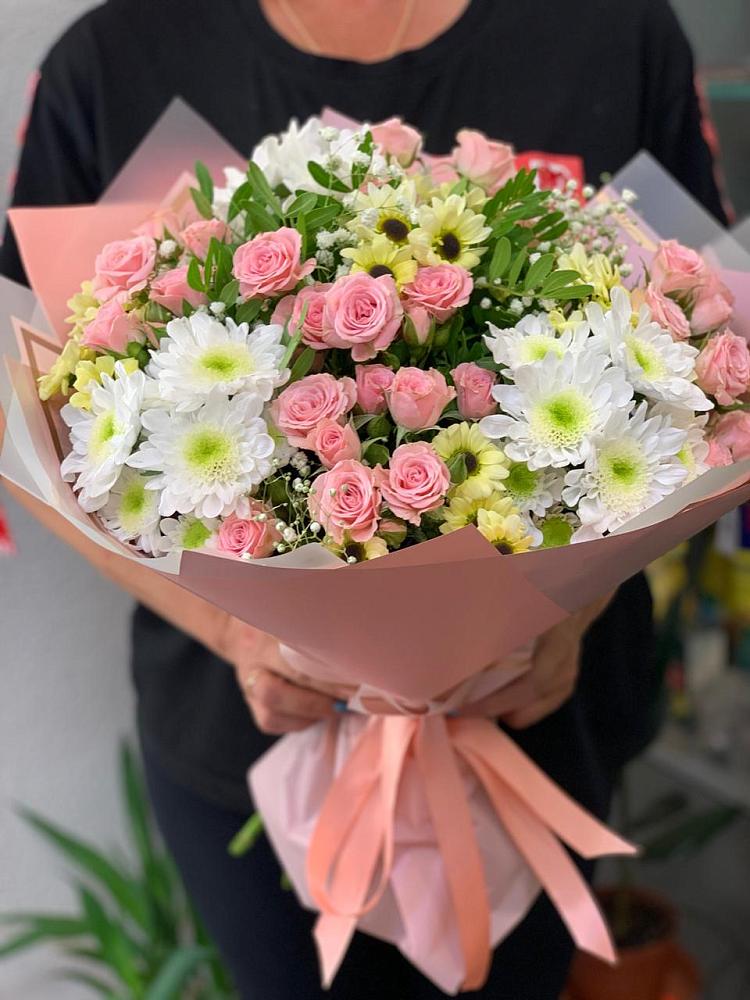 Букет цветов из: Розы и Хризантемы в Суксун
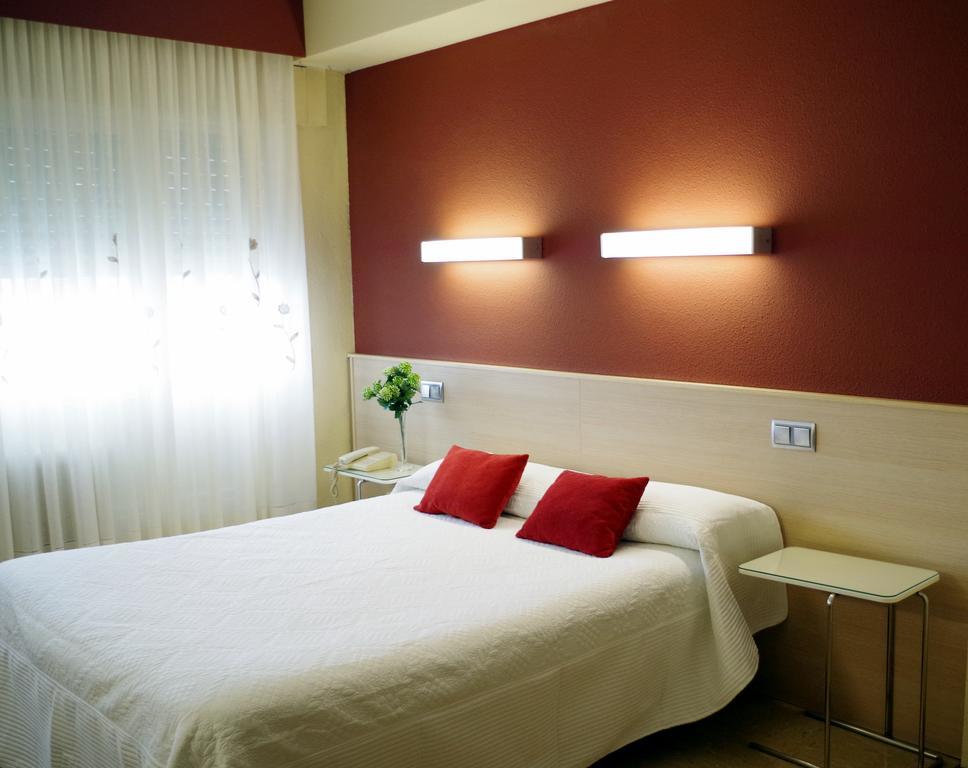 Hotel Alaiz Beriáin エクステリア 写真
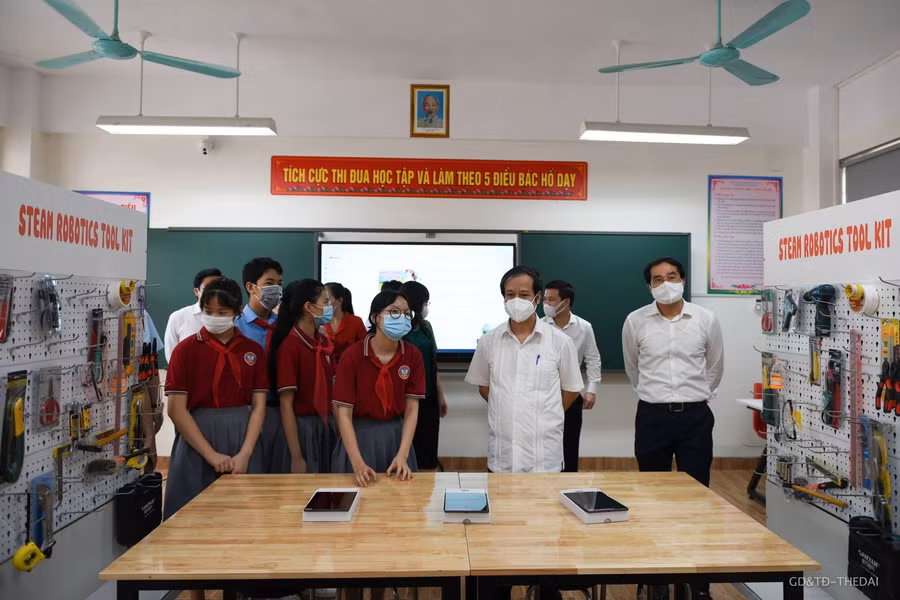 Bộ trưởng trò chuyện với học sinh trường THPT số 1 Kim Tân, Tp. Lào Cai.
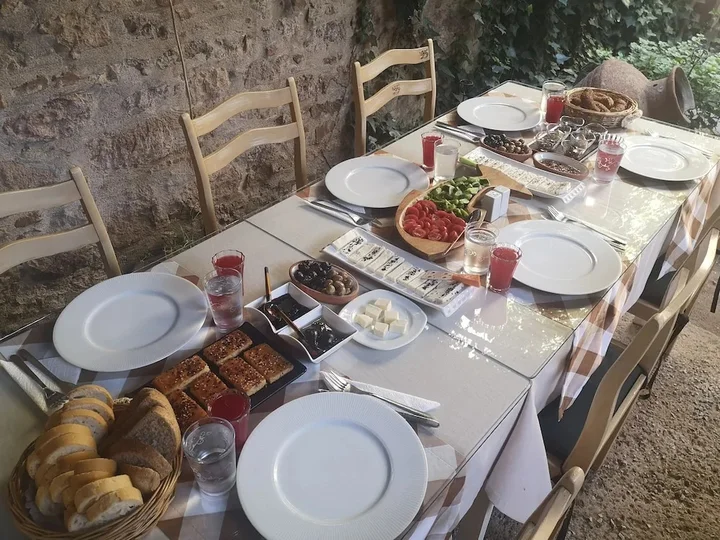 Айвалык: Ayvalik Sarigelin Pansiyon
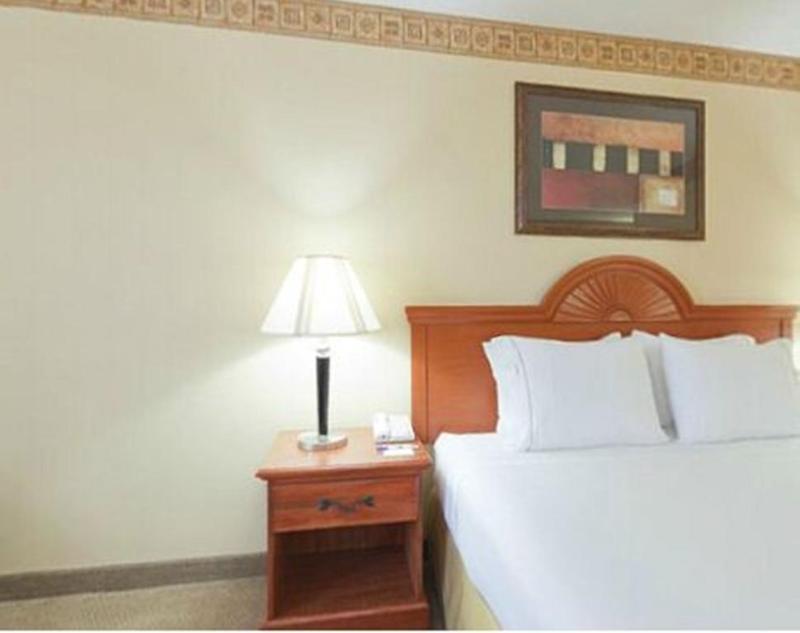 Holiday Inn Express Hotel & Suites Livermore By Ihg Eksteriør bilde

### [Aim of the task]
Which lines run from the one that holds "Bộ trưởng trò" to the final line of the records above? Return them exactly, and skip the pictures.

### [Exercise answer]
 Bộ trưởng trò chuyện với học sinh trường THPT số 1 Kim Tân, Tp. Lào Cai.
 Айвалык: Ayvalik Sarigelin Pansiyon
 Holiday Inn Express Hotel & Suites Livermore By Ihg Eksteriør bilde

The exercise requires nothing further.